No podemos corroborarlo, pero parece que los poetas no se equivocan cuando afirman, igual que los textos bíblicos, que la vida no es más que un sueño. Vivir es lo mismo que estar dormido y por eso nuestros anhelos se empecinan en conquistar lo que es vano. En la literatura, la referencia más conocida de este tema es la obra La vida es sueño, escrita por Pedro Calderón de la Barca en el siglo XVII, leamos unos versos: «Sueña el rico en su riqueza, que más cuidados le ofrece; sueña el pobre que padece su miseria y su pobreza; en conclusión, todos sueñan lo que son, aunque ninguno lo entiende. ¿Qué es la vida? Un frenesí, una ilusión, una sombra, una ficción, la vida es sueño, y los sueños, sueños son.»

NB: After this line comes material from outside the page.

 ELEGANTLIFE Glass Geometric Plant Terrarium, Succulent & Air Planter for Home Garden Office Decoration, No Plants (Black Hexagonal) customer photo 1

Un siglo después, pero en inglés, el poeta John Keats diría lo mismo: «¿Puede la muerte dormir cuando la vida no es más que un sueño y las escenas de dicha pasan como un fantasma? Los efímeros placeres se asemejan a visiones y aún creemos que el dolor más grande es morir. Cuán extraño es que el hombre no se atreva a contemplar su destino funesto, que no es sino despertar.» Tanto Calderón como Keats coinciden en que la vida, la realidad transitoria en que estamos, no sólo es ilusoria, sino, además, un sueño, en tanto que todo es efímero y vano, sin embargo, Keats marca una diferencia y ésta es la de que la muerte, más que ser un final, es el verdadero despertar, esto recuerda a lo que leíamos en el “Salmo 90” cuando mencionaba que despertamos al amanecer, entendiendo por “amanecer”, precisamente la idea de morir. La idea de despertar está forzosamente ligada al acto de morir. Otro poeta, Gustavo Adolfo Bécquer, nos lo repite: «Al brillar un relámpago nacemos, y aún dura su fulgor cuando morimos; ¡tan corto es el vivir! La Gloria y el Amor tras que corremos, sombras de un sueño son que perseguimos; ¡despertar es morir!»
Dormir no es lo que hacemos por las noches cuando en la cama cerramos los ojos y por segunda vez soñamos, sino transitar por esta realidad sin ser conscientes de cada uno de nuestros actos y pensamientos. Dormir es lo que la mayoría hace diariamente cuando se entrega a la vida laboral, a los problemas económicos, a los placeres efímeros y, en fin, a toda vanidad humana. La vida no es más que un sueño, pero aún así cuánto dolor nos produce debido a que no sabemos distinguir al espejismo de lo que es real y así nos confiamos a fantasmas que no hacen más que torturarnos. La muerte es redención, término del sueño e inicio del despertar. Los sentidos nos mienten y la mente se engaña a sí misma, a tal punto que no acepta que despertar es morir.